I don't get this analogy at all. Instead of a human information flows through a neural network which alters the information.
> Every lifelike detail in the final world is only there because my phone recorded it.
I might be wrong here but I don't think this is true. It might also be there because the network inferred that it is there based on previous data.
Imo this just takes the human out of a artistic process - creating video game worlds and I'm not sure if this is worth archiving.
These days most photos are also stored using lossy compression which alters the information.
You can think of this as a form of highly lossy compression of an image of this forest in time and space.
Most lossy compression is 'subtractive' in that detail is subtracted from the image in order to compress it, so the kind of alterations are limited. However there have been previous non-subtractive forms of compression (eg, fractal compression) that have been criticised on the basis of making up details, which is certainly something that a neural network will do. However if the network is only trained on this forest data, rather than being also trained on other data and then fine tuned, then in some sense it does only represent this forest rather than giving an 'informed impression' like a human artist would.
I noticed this in some photos I see online starting maybe 5-10 years ago.
I'd click through to a high res version of the photo, and instead of sensor noise or jpeg artefacts, I'd see these bizarre snakelike formations, as though the thing had been put through style transfer.
There is no previous data. This network is exclusively trained on the data he collected from the scene.
More interesting is that you made an easy to use environment authoring tool that (I haven’t tried it yet) seems really slick.
Both of those are impressive alone but together that’s very exciting.
edit: I see now that you mention a pricepoint of 100 GPU-hours/roughly 100$. My mistake.
But there's one thing that I'm a little bit worried about: I was getting like 8 stable FPS on my 3 years old flagship phone. My concern is that these models are not optimized to run on this type of hardware, which may or may not lead to hardware obsolescence quicker than planned. And it's not like these aren't powerful, they really are.
I wonder if there are any computer vision projects that take a similar world emulation approach?
Imagine you collected the depth data also.
https://en.wikipedia.org/wiki/Convolutional_neural_network#H...
What could go wrong?
Jokes aside, this is insanely cool!
I didn't see it in an obvious place on your github, do you have any plans to open source the training code?
Link to the demo in case people miss it [1]

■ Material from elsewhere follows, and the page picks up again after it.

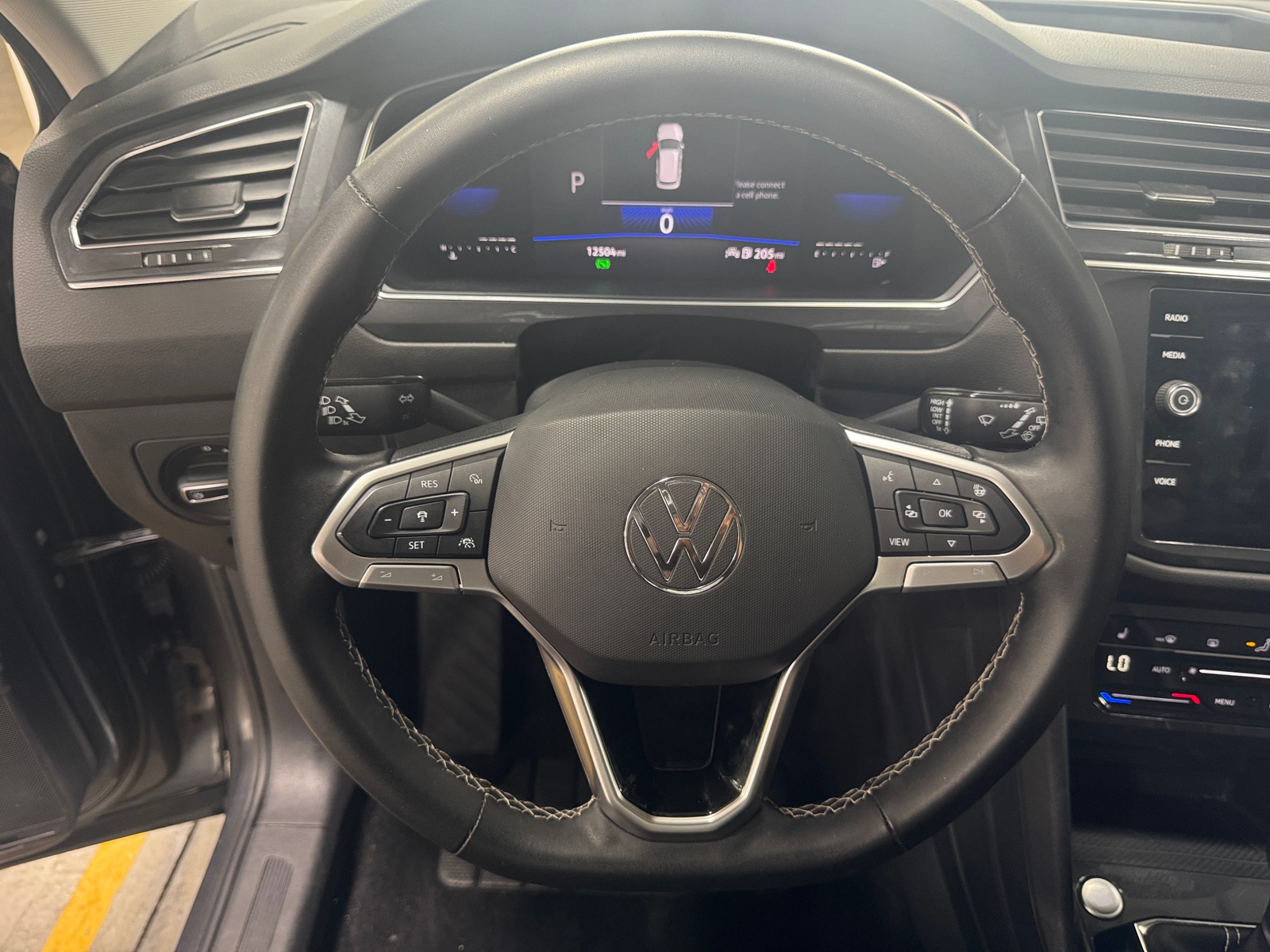 Thumbnail: 2022 Volkswagen Tiguan - 4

> using a customized camera app which also recorded my phone’s motion
Using phone's gyro as a proxy for "controls" is very clever
[1] https://madebyoll.in/posts/world_emulation_via_dnn/demo/
Imagine a similar technique but with productivity software.
And a pre-trained network that adapts quickly.
Is OP the blog’s author? Because in the post the author said that the purpose of the project is to show why NN are truly special and I wanted a more articulate view of why he/she thinks that? Good work anyway!
The special aspect of NNs (in the context of simulating worlds) is that NNs can mimic entire worlds from videos alone, without access to the source code (in the case of pokemon) or even without the source code having existed (as is the case for the real-world forest trail mimicked in this post). They mimic the entire interactive behavior of the world, not just the geometry (note e.g. the not-programmed-in autoexposure that appears when you look at the sky).
Although the neural world in the post is a toy project, and quite far from generating photorealistic frames with "trees that bend in the wind, lilypads that bob in the rain, birds that sing to each other", I think getting better results is mostly a matter of scale. See e.g. the GAIA-2 results (https://wayve.ai/wp-content/uploads/2025/03/generalisation_0..., https://wayve.ai/wp-content/uploads/2025/03/unsafe_ego_01_le...) for an example of what WMs can do without the realtime-rendering-in-a-browser constraints :)
https://netron.app/?url=https://madebyoll.in/posts/world_emu...